Most Devices Distract Drivers Up to 27 Seconds
Most people are aware that talking on a cell phone while driving is unsafe, but did you know that car infotainment systems can be just as distracting? In a study conducted by University of Utah researchers for the AAA Foundation for Traffic Safety, it can take up to 27 seconds to regain full attention after issuing a voice command. Even at the low speed of 25 mph, 27 seconds of distraction amounts to the length of three football fields before a driver regains full attention.
The study concluded that using voice commands to call contacts, dial phone numbers, change music, or send text messages is highly distracting. In fact, in a study of 10 model-year 2015 vehicles, three were deemed “moderately distracting,” six were deemed “highly distracting,” and one, the 2015 Mazda 6, as “very highly distracting.”
Just because these systems are being built into cars does not automatically mean that they are safe to use while driving. With distraction being one of the top causes of car accidents, putting another source of distraction at the fingertips of drivers is a dangerous idea. In 2013 alone, a total of 3,154 people were killed in accidents caused by distracted driving, with 424,000 others suffering injury.
Researchers believe that voice command technology simply doesn’t work well enough to be “ready” for use in vehicles, as the technology can be difficult to use and may have trouble recognizing commands.
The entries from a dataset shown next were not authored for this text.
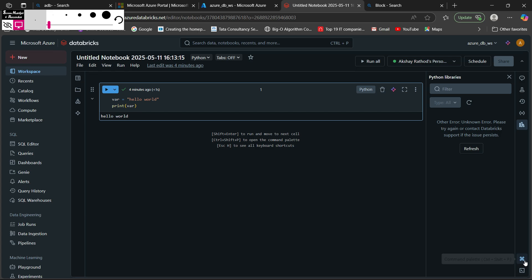These are all the options you can use in Databricks notebooks. This is all about how you can use Databricks notebooks for this lecture. We will see you in the next lecture. If you like this video, please follow me, share this video, and subscribe to the channel. If you have any doubts, feel free to ask in the comments below. Till then, happy coding!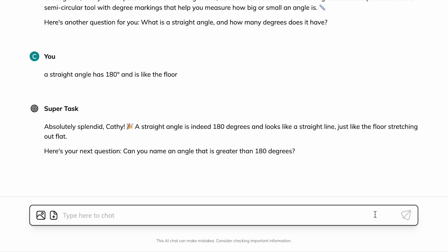I think that was an obtuse angle. Obtuse angle.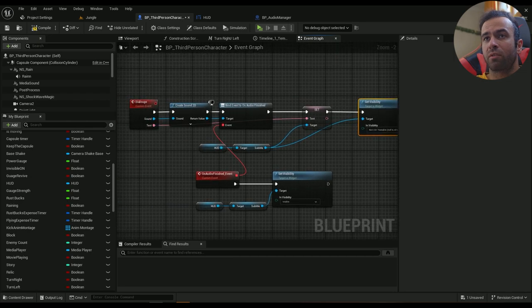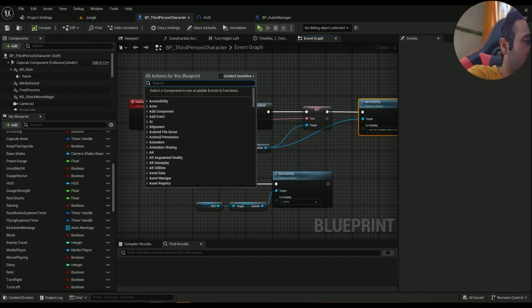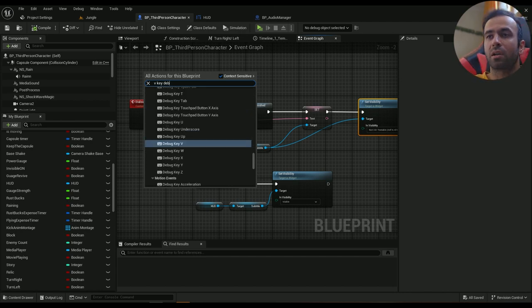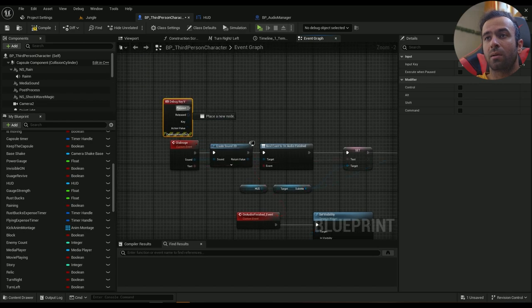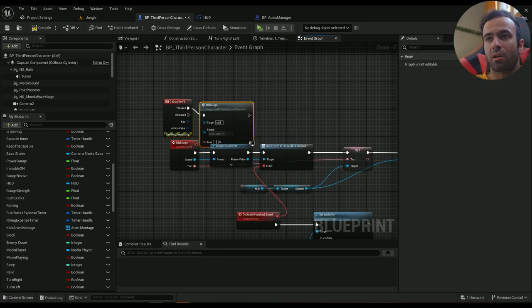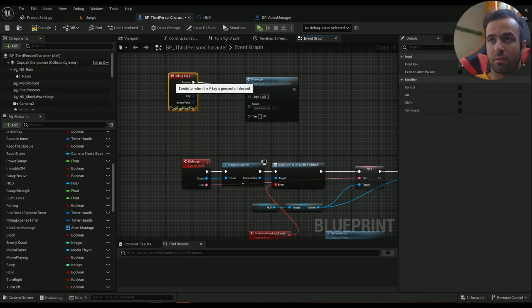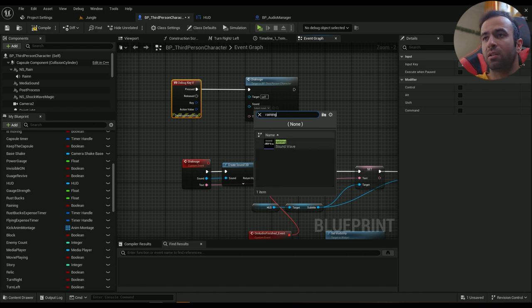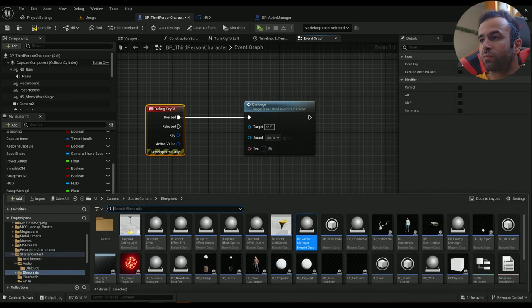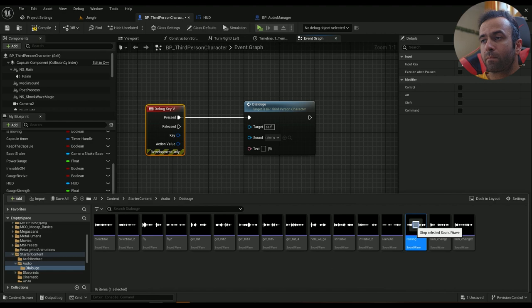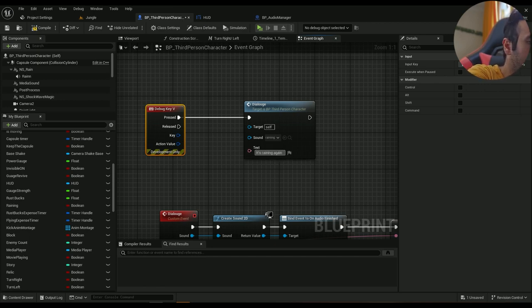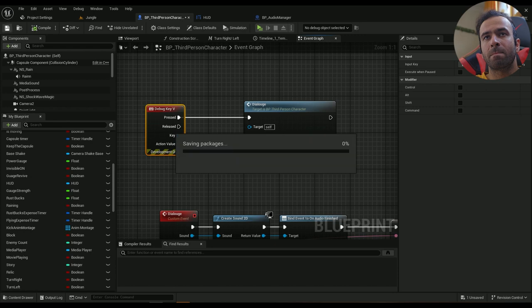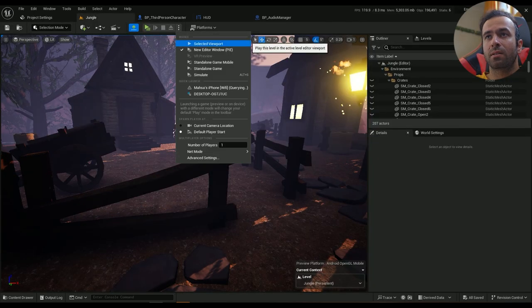Now I want to test and how I can test it is just by V key - debug key V. Then by pressing it I will use the dialog custom event. This is my custom event. For the sound I'm going to choose raining. For the text, it's raining again I better get ready.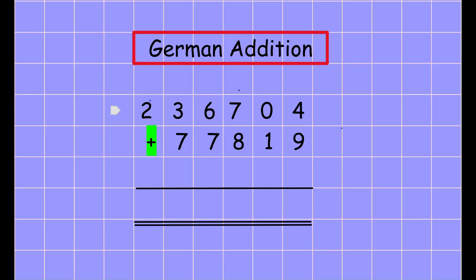Hi everyone, welcome back to my channel. My name is Mr. Roy and I teach mathematics and physics in a German school in Germany. Today's topic is German addition — what we call German addition.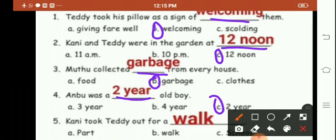5th one: Kani took Teddy out for a walk.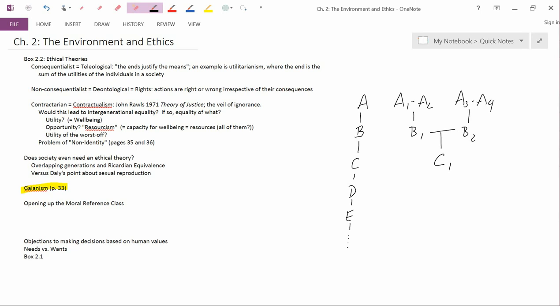Okay, I think I'll stop here. The next point is going to be opening up the moral reference class.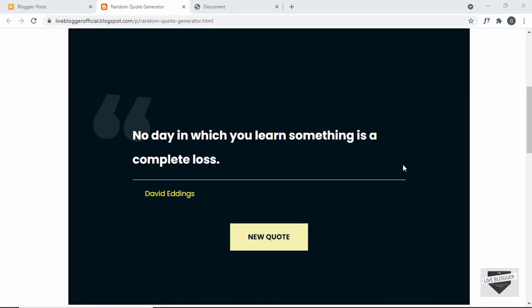Hi everybody, welcome to Live Blogger. In this video, I'll show you how to use a JavaScript array of objects in a website, and then later we will add the code to our Blogger website.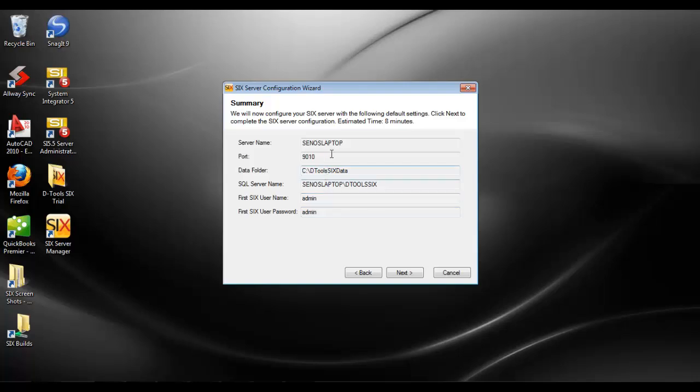This is showing you the name of the machine that the server is being installed on, the default port which is 9010 for our Express install, and where the data folder will be put on this machine.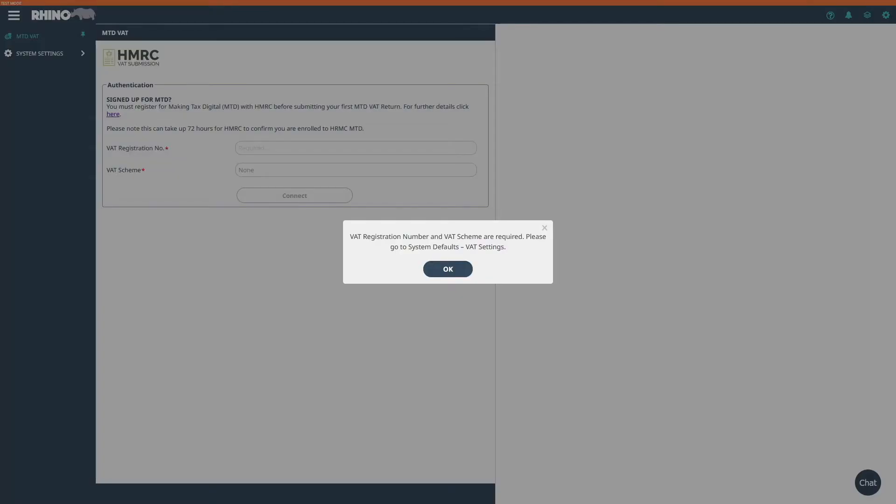The app will now begin to connect to your HMRC account using your VAT registration number. If you haven't yet entered your VAT registration number, the app will automatically take you to the system defaults page where you can enter your VAT registration number and also the VAT scheme which applies to your business.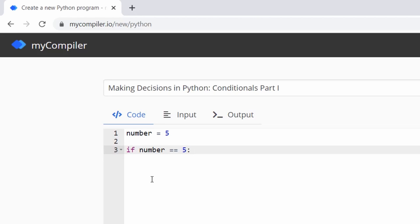'if' is a command in Python. 'number' references the variable name. When you see two equal signs (==), that means you are comparing one thing to another — not assigning a value. When you see one single equal sign (=), you're actually assigning a value to a variable. That's the difference.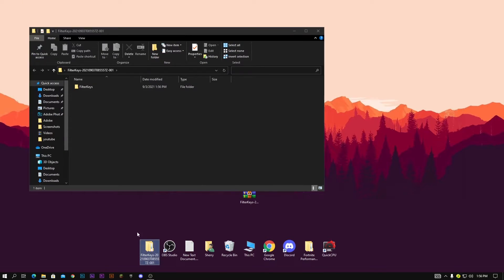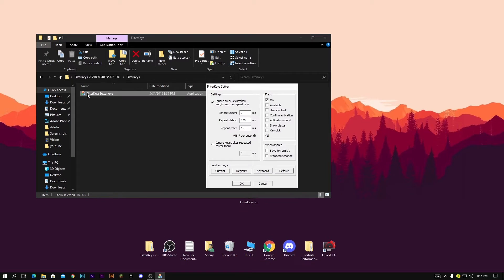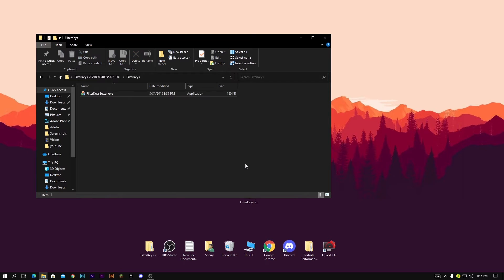Now open filter keys and change settings like I do. You can then open Fortnite and play with zero input delay. When you finish playing Fortnite, you need to open filter keys again and change the settings back to default.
Google Now and Apple Siri have been rated as “highly distracting,” while Microsoft Cortana was classified as “highly” to “very highly” distracting.
Furthermore, many of these systems have been put into vehicles to control entertainment like Instagram, Facebook, Snapchat, Facetime, etc. Rather than trying to keep the driver’s attention on the road, it seems as though the technology is designed primarily for entertainment.
Drivers are advised to use the systems to support the primary task of driving (for instance, to change the radio or access navigation systems) and to keep the interaction brief.